Whew!  That's exhausting, right?  Well guess what, gang?  I'm here to contribute to the madness, because I was going through my stash and realized I happen to own still yet another version!  It's a Serious promo cassette that features another exclusive track not on any of the other versions, and which has also never been released anywhere else.  For the most part, it has the exact same track-listing as Serious's CD.  It's technically one short, but only because it skips the "Intro," which is a snippet of a radio interview with DJ X.  But all the actual songs are there, and in the same sequence.  However, there's then one last song, "Money Or Love (Remix)."

You may remember that "Money Or Love" was included on every version of The Underground Tapes, even the vinyl EP.  And it was made the single for the album, being put out as its own 12" by Capitol Hill, and they made a music video for it.  That 12" features additional versions of the song, like the Instrumental and Accapella, but not this remix.

Now, I'll be real with you guys.  "Money Or Love" was not a favorite off this album.  It emphasized more of his sung chorus and trendier production style.  He still sounds like himself as an MC here and he's never really fallen off when it comes to his bars, even in recent years.  So it's an okay song, but the topic is pretty crass and the music feels more like record executive bait than his tight "underground" material that got him to this point.  Like this is the beginning of the crossover stuff that turned each Saukrates record from something you just had to have to alright stuff you didn't really need to keep checking for.

But this remix is easily much better.  Why is it the doper versions always seem to be the ones relegated to the B-sides or left in the vaults?  Lyrically, it's the same, but the original instrumental was pretty limp.  It had an alright basic loop, which is still on hand for this remix, at its core.  Like, it's a reasonably catchy, twangy guitar sample (they mime playing it live in the video, but I'm pretty sure it's a sample) and drums with sparse bass notes.  It's funky enough to album filler that keeps your head nodding, but it should never have been a single.  But this remix drops a huge, chunky sample on top of the whole thing, which makes the song a lot heavier.  They fade the guitar out for a lot of it, and honestly they could've completely gotten rid of it for the whole song, because it's totally stomped out anyway.  The only drawback is they still keep the original hook.  And it's not like his singing sucks or anything, but it doesn't mesh with this remix instrumental, which would sound better with a much simpler, stripped-down hook.  Or even no hook at all and just pause as the beat continues.
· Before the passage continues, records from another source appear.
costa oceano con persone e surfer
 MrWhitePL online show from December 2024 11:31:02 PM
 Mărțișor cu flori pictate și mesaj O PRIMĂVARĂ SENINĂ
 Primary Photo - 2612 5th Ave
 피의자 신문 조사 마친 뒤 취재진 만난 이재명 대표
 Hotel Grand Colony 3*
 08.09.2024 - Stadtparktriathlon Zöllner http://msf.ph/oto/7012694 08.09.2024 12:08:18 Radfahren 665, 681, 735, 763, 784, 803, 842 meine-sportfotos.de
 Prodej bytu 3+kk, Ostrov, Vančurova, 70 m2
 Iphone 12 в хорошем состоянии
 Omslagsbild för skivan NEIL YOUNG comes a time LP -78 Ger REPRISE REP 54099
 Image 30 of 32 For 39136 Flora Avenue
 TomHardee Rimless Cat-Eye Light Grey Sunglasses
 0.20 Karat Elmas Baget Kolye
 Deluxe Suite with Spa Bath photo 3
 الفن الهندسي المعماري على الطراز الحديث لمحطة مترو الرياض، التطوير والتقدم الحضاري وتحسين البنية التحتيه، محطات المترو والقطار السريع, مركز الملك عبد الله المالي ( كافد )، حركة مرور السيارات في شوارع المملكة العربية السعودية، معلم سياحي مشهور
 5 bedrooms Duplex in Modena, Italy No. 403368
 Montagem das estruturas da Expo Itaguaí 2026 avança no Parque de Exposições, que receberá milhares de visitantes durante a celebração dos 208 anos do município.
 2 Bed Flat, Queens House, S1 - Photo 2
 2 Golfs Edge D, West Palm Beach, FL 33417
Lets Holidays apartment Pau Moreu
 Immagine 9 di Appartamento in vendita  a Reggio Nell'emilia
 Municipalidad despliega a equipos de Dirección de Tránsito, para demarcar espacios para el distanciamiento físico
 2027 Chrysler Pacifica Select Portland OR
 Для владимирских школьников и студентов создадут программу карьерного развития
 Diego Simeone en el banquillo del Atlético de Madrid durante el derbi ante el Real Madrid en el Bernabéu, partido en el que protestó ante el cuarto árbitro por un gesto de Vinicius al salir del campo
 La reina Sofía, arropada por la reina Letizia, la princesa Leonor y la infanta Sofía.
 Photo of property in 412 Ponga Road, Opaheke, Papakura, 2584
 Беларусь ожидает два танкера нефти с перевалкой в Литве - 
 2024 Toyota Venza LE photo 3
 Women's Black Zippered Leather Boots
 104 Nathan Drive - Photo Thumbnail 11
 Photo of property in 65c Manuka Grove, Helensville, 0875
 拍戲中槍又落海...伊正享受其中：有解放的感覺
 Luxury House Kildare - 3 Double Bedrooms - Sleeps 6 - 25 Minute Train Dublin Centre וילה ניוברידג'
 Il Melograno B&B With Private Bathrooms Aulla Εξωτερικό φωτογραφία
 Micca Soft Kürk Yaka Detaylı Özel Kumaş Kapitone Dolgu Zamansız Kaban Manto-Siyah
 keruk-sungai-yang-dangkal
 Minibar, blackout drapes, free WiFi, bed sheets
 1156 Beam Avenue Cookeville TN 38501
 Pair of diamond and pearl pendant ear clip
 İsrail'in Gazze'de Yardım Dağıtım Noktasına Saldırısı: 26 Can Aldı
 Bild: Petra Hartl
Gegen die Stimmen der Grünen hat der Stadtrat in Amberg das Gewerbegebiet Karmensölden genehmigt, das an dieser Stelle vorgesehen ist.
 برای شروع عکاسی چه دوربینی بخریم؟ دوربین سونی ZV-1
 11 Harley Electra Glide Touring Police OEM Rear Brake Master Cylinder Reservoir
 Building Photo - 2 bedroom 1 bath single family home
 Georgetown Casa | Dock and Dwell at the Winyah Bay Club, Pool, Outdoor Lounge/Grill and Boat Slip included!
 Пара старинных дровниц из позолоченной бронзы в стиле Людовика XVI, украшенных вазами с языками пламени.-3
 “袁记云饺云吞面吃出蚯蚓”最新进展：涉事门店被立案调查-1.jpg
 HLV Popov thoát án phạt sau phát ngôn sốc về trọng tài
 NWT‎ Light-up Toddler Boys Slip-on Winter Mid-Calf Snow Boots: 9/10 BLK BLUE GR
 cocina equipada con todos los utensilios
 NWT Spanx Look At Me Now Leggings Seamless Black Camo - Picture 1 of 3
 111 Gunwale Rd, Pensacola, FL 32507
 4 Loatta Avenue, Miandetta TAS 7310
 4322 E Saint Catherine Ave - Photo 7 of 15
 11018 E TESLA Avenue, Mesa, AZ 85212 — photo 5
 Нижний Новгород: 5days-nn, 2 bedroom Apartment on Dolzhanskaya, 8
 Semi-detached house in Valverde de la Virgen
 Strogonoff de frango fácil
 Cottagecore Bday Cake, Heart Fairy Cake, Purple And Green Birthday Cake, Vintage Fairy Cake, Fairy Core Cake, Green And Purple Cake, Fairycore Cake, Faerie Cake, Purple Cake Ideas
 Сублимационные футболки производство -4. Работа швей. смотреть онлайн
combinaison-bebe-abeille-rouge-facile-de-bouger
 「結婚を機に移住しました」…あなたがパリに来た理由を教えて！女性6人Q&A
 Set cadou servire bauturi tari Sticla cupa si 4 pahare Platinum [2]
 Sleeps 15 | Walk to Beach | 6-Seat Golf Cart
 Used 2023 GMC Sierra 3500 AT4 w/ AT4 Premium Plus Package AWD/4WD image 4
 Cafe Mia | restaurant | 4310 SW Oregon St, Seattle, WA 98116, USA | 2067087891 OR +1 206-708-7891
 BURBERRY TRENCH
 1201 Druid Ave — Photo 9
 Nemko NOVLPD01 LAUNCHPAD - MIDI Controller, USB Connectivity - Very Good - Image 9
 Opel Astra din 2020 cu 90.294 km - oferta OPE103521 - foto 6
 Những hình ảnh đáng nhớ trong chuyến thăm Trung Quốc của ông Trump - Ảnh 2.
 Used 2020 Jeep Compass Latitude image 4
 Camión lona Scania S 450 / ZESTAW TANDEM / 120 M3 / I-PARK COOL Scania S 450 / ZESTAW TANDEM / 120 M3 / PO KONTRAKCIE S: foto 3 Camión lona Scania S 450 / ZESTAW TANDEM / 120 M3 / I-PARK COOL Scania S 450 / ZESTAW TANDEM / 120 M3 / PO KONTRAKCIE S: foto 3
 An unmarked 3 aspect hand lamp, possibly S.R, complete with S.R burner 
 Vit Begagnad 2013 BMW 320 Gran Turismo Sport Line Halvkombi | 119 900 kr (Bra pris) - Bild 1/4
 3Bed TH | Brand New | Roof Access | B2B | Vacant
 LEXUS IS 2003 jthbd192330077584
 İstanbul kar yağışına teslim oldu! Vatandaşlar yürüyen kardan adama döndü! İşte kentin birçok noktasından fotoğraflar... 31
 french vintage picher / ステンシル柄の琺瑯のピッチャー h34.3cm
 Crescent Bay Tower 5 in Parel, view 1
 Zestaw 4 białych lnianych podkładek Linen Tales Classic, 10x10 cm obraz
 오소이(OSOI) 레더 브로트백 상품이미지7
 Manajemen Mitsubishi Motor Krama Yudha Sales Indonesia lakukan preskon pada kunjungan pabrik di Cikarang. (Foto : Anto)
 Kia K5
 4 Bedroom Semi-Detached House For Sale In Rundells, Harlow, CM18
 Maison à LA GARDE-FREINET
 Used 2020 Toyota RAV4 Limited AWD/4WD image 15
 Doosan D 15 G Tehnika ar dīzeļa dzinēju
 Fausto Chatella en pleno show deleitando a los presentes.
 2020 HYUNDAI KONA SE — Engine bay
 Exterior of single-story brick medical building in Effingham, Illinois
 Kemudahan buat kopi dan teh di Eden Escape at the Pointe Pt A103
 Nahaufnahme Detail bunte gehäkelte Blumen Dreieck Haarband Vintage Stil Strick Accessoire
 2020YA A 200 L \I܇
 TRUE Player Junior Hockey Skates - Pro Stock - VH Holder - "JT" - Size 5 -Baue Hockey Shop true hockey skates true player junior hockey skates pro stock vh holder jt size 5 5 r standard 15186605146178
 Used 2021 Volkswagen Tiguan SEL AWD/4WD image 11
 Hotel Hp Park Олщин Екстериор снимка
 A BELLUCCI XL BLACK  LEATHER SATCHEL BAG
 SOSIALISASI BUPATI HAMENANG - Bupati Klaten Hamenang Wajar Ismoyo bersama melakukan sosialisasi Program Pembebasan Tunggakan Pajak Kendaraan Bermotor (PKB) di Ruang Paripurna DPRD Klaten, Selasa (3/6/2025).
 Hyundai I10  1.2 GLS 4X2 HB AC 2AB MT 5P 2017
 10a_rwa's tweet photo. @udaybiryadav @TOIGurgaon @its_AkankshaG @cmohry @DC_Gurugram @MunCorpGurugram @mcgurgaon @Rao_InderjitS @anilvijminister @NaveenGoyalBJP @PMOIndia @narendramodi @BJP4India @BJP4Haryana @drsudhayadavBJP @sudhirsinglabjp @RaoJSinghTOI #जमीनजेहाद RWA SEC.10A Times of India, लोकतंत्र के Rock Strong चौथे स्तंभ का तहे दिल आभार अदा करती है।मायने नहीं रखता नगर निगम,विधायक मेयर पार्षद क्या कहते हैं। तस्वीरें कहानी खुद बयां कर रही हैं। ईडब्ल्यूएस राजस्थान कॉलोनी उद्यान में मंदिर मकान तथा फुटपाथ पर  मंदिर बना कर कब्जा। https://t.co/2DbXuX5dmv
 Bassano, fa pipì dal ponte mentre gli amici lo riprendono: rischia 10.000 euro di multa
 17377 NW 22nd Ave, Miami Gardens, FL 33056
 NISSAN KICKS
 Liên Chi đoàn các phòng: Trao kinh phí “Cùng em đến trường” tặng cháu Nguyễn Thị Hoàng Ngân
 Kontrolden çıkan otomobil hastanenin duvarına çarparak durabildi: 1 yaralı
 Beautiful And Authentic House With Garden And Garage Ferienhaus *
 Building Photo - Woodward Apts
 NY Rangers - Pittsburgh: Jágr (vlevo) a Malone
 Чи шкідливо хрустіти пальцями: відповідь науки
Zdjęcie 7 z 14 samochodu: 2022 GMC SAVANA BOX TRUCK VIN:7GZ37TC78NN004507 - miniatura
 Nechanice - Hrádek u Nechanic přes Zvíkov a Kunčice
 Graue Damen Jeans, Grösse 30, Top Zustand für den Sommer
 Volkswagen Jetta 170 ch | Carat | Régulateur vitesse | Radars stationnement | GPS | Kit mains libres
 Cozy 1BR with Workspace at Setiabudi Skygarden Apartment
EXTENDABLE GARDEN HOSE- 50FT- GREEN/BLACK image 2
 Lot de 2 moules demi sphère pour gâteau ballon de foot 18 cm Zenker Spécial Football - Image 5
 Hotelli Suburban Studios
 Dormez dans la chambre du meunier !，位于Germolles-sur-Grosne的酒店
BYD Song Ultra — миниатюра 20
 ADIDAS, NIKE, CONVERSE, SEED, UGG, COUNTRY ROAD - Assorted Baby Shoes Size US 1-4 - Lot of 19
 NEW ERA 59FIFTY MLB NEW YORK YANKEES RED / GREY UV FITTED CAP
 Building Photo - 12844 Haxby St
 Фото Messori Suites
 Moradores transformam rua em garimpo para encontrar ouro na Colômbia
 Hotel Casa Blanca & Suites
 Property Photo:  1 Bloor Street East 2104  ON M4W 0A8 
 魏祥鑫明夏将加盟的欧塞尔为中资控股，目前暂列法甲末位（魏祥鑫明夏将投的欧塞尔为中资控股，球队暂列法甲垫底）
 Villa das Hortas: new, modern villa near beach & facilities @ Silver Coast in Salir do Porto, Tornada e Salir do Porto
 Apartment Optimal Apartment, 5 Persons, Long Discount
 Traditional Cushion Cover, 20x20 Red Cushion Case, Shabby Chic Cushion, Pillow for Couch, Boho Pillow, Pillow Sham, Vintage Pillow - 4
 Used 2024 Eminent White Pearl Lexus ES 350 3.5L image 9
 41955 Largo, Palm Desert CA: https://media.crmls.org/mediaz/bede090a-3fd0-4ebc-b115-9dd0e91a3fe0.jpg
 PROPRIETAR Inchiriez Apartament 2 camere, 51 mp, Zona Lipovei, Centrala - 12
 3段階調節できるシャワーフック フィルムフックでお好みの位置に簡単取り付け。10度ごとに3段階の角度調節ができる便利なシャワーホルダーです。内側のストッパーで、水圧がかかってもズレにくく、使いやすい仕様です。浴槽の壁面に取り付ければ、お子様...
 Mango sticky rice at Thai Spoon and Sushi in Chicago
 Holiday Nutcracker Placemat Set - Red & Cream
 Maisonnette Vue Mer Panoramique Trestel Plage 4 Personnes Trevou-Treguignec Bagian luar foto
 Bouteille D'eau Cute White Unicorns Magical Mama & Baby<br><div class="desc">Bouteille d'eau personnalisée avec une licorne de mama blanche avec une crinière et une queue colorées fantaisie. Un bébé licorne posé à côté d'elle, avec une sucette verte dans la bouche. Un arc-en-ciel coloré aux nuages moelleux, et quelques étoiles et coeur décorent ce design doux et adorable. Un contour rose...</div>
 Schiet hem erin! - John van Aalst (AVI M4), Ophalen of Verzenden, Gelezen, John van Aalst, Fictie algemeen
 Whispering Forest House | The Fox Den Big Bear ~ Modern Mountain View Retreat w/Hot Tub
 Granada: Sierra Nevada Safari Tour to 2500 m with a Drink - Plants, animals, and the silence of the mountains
So there's still room for more improvement.  Maybe this was left off because whoever produced it (this tape has no credits) also felt it wasn't quite finished.  But however you cut it, the remix is by far the stronger version of the song.  And it's only available on this... ninth? version of The Underground Tapes.  Wow.  Think there are any more out in the world to be found?  Can anyone dig us up an even tenth?